The minimum wage bill passed by a vote of 354 to 72. Interestingly, 160 Republicans ended up voting for the bill, when just a few months before none of them had supported it. Many people might find this conversion puzzling. In fact, it is the predictable result of an important political dynamic.

The forces of reaction work most effectively behind closed doors, hidden from public scrutiny. When debate on an issue is pushed into the open, in this case, onto the floor of the House, when the close link between special interests, the wealthy, and their “representatives” in Congress is threatened with exposure, the opposition will often surrender rather than resist.

Force a vote, so that the public can see the position of their representatives, and often the common good will prevail. This is what happened, to my great surprise, with an amendment I introduced in September 1995, seeking to eliminate outrageous corporate bonuses at Lockheed-Martin.
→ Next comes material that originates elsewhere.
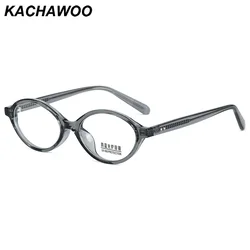 Kachawoo small frame oval glasses anti blue light tr90 acetate retro glasses frame men women unisex European style blue grey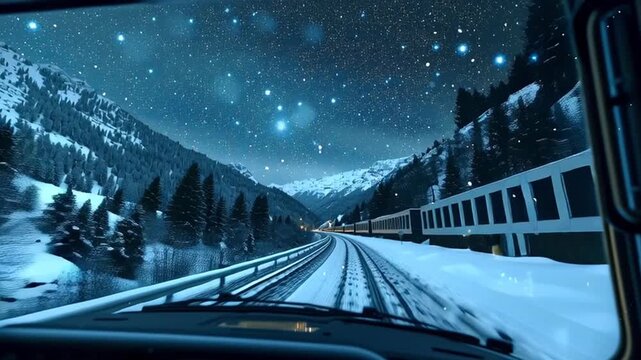 Stunning point of view drive on a snowy road through a mountain valley, moving parallel to a passenger train under a magical, starry night sky with gentle snowfall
One of Burlington's largest employers was Martin Marietta. When that defense contractor merged with Lockheed to form Lockheed-Martin, I was more than usually attuned to the implication of that deal—the downsizing of 17,000 American workers. For making the “tough decision” to fire all those workers, the executives of the newly merged company decided to pay themselves $91 million in executive bonuses. Ninety-one million dollars as a reward for obliterating 17,000 jobs.
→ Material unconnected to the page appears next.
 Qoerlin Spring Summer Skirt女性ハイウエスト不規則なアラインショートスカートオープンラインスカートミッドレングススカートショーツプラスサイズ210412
Some of the major recipients of that bonus were the CEO of the company, Norm Augustine ($8.2 million); former Tennessee governor and presidential aspirant Lamar Alexander ($236,000); former secretary of defense Mel Laird ($1.6 million); and retired general and former member of the Joint Chiefs of Staff John Vessey ($372,000).

Now, a $91 million bonus for executives who were laying off 17,000 workers is obscene enough. Even worse, Bill Goold, my legislative director, discovered that fully one-third of that money, $31 million, was to come from the Pentagon as “restructuring costs.” As soon as I learned about this outrageous federal give-away, I drafted an amendment to prevent the Pentagon from paying the bonus. Imagine: workers thrown out of their jobs paying taxes so that the bastards who fired them could stuff their pockets. Bill termed the legislation the “payoffs for layoffs” amendment.

When I brought that amendment to the floor, I thought I'd have a very hard fight on my hands. But to my surprise, John Murtha, the ranking Democrat on the Defense Appropriations Committee and consequently the person responsible for Democratic strategy on the bill, said they were going to support it. He discussed the amendment with Bill Young, the Republican chairman of Military Appropriations, who signed on without hesitation. The amendment passed by voice vote.